The Gemmaverse is not just a marketing term. It represents a genuine ecosystem of specialized models built on Google's open architecture. INSAIT created a pioneering Bulgarian-first language model (BgGPT), and Google worked with Yale University on Cell2Sentence-Scale to discover new pathways for cancer therapy, among many others. Gemma is also powering sovereign digital infrastructure, from automating state licensing processes in Ukraine to scaling multilingual AI across India's 22 official languages through Project Navarasa.

The Competitive Landscape: Honest Trade-offs

Gemma 4's launch day was also Alibaba's release day for Qwen 3.6-Plus, which offers a 1 million token context window compared to Gemma 4's 256K maximum. Meta's Llama 4 Scout is already in production with a 10 million token context. Where Gemma 4 wins clearly: human preference scores on Arena AI, scientific reasoning benchmarks, and edge deployment capabilities. Where it faces real competition: Qwen's vastly larger context window and Llama 4's long-document applications. Developers are not picking a single winner — they are making specific trade-offs based on deployment environment and use case.

Bottom line for enterprises: Gemma 4's Apache 2.0 license removes the single biggest barrier to adoption. For teams building agentic AI workflows on local or on-premises hardware, the 26B MoE model offers frontier-level reasoning at a hardware cost that does not require cloud-only deployment. The benchmark numbers are independently verified and the license terms are finally ones that enterprise legal teams understand.

Frequently Asked Questions

1. Is Gemma 4 truly open source under Apache 2.0?

Yes. Gemma 4, released April 2, 2026, is the first model in the Gemma family to use the OSI-approved Apache 2.0 license. This means developers can download, modify, commercialize, and redistribute the model without navigating Google's previous custom terms. The model weights are open, and the license terms are the same ones used by thousands of established software projects, making legal review straightforward for enterprise teams.

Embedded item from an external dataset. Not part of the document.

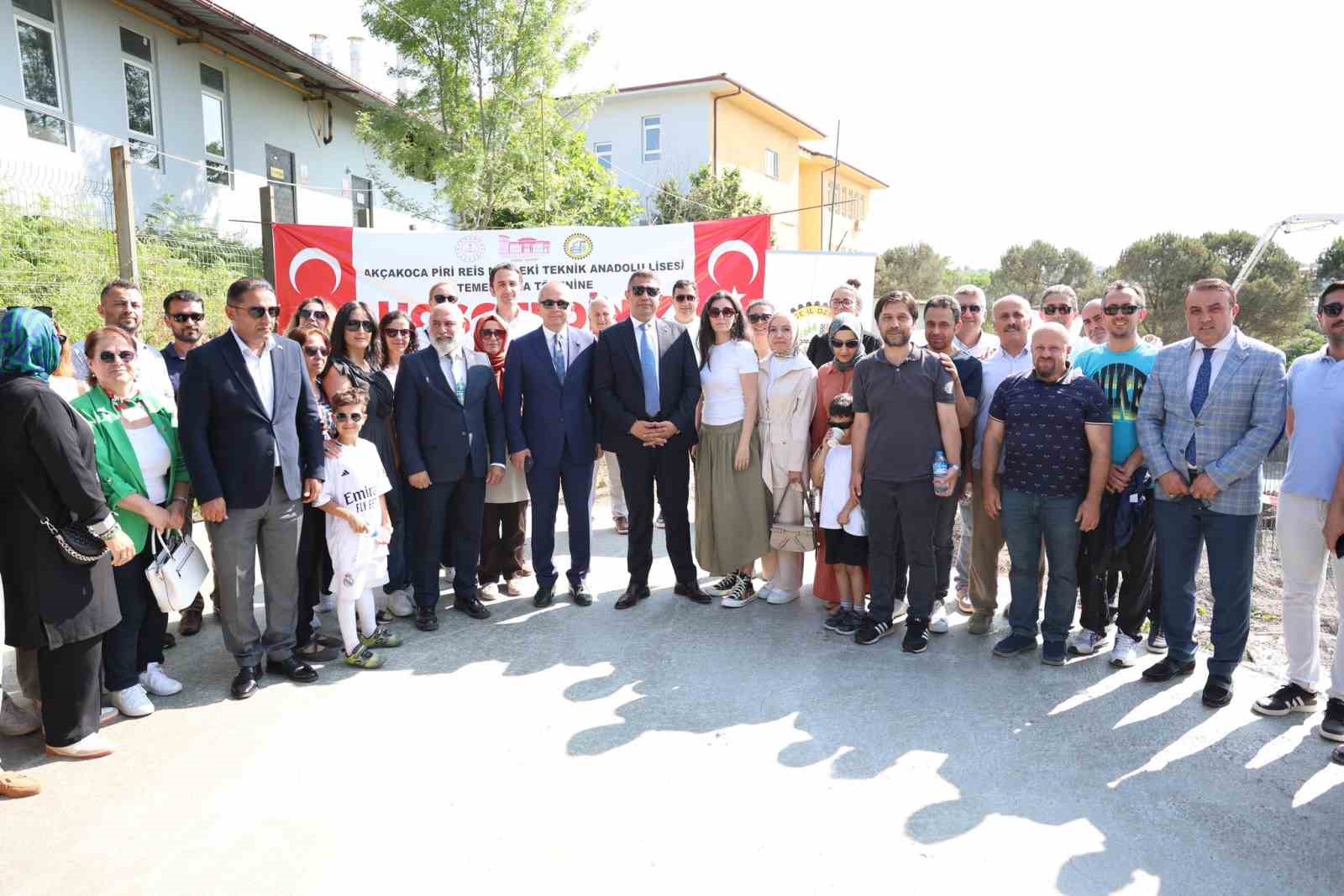 Akçakoca’ya 16 sınıflı lise kazandırılıyor 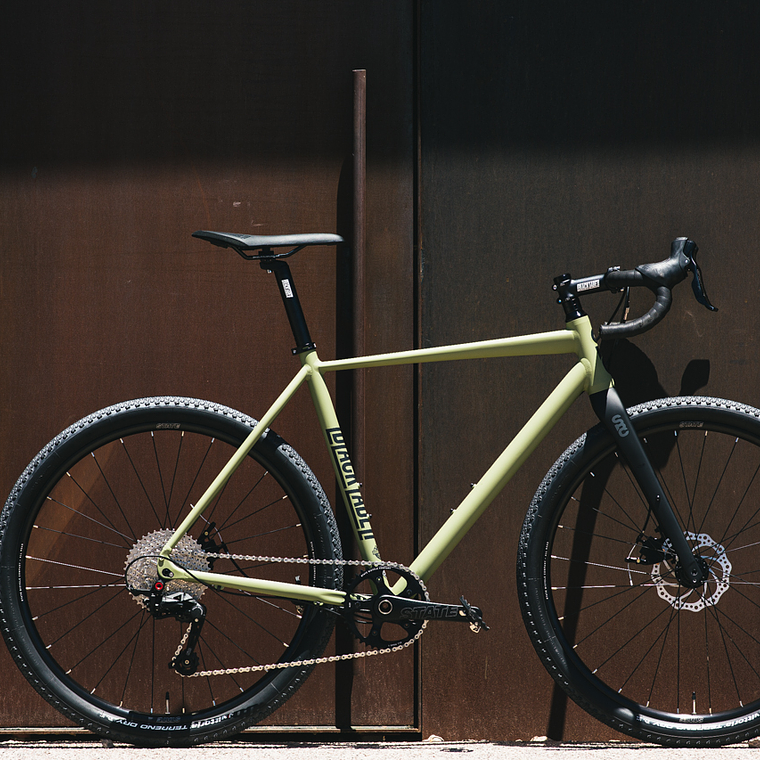 Bicicleta gravel 6061 All Road Matte Olive - 11 velocidades 23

2.Can Gemma 4 run offline on a phone?

Yes. The E2B and E4B edge models are designed to run completely offline on Android smartphones, Raspberry Pi boards, and Jetson Nano devices. They are available through Google AI Edge Gallery and run at up to 4x faster speeds than the previous Gemma 3 generation. This makes them practical for applications in areas with limited connectivity or where data privacy requires on-device processing.

3. Where can developers download Gemma 4?

Gemma 4 weights are available on Hugging Face, Kaggle, and Ollama. The 31B and 26B models are also accessible through Google AI Studio. Deployment options include Google Cloud, NVIDIA RTX GPUs, AMD GPUs, and Google Cloud TPUs. Docker-based deployments and NVIDIA NIM and NeMo integrations are also supported.